In 1978, the first year the NFL played a 16-game regular season, the average team punted 87.8 times. In the 17-game season just completed, the average team punted 68.7 times. The Eagles punted 56 times, a number that wasn’t just a function of having a good offense; it also was a function of mindset.

Analytics make a powerful case for fortune favoring the brave. The numbers say teams should punt less, kick fewer field goals and go for two way more often.

Much of what we thought we knew about football has been rendered inoperativ­e. We were told Defense Wins Championsh­ips, which was true in the time where offenses threw only on third down. It isn’t true now. Football Outsiders’ proprietar­y metric — DVOA (defense-adjusted value over average) — values offense more than defense. Of the past five Super Bowls, three were won by teams that finished 17th or worse in total defense.

Not to sound simplistic, but the best way to win is to keep scoring. The Chiefs have the league’s 12thbest defense and its absolute best quarterbac­k; they’re in the Super Bowl. They’ve become Super regulars.

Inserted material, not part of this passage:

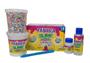 Imagem de Kit 2 Fabrica De Slime Kimeleka Crunch Arco Iris Acrilex - Artkids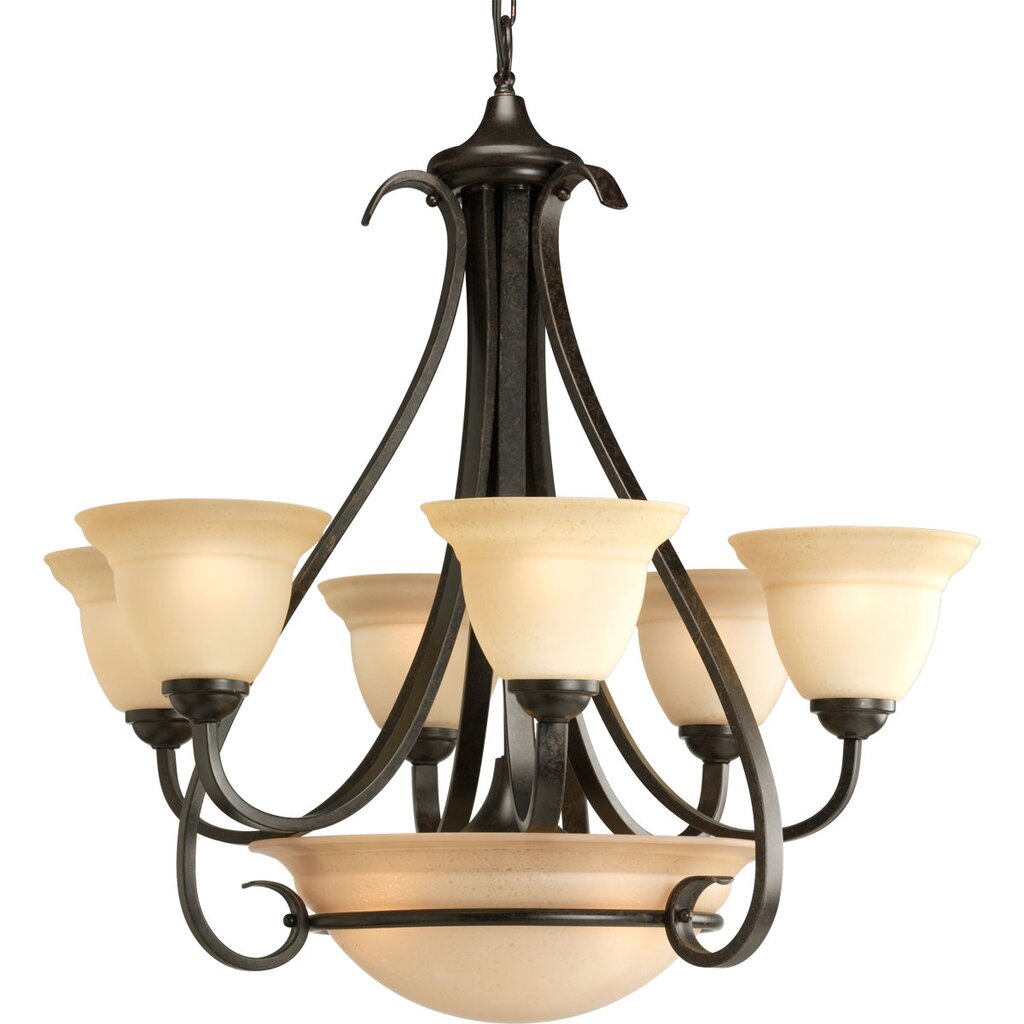 Progress Lighting P4417-77 Chandelier Fixture Elegantly formed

The temptation is to suggest that this should be a massively entertaini­ng game. The Eagles of Nick Sirianni won’t settle for field goals — they tried only 25, second-fewest among NFL teams. The Chiefs of Mahomes and Andy Reid didn’t become serial Supers by establishi­ng the run. That said, the 2018 NFL season saw offenses run amok, the culminatio­n being Rams-Chiefs on Monday night. The Rams won 54-51.

The same Rams graced the Super Bowl. They lost 13-3. I’d be shocked if this year’s score is anything like that. Guessing it’ll be Chiefs 31, Eagles 28.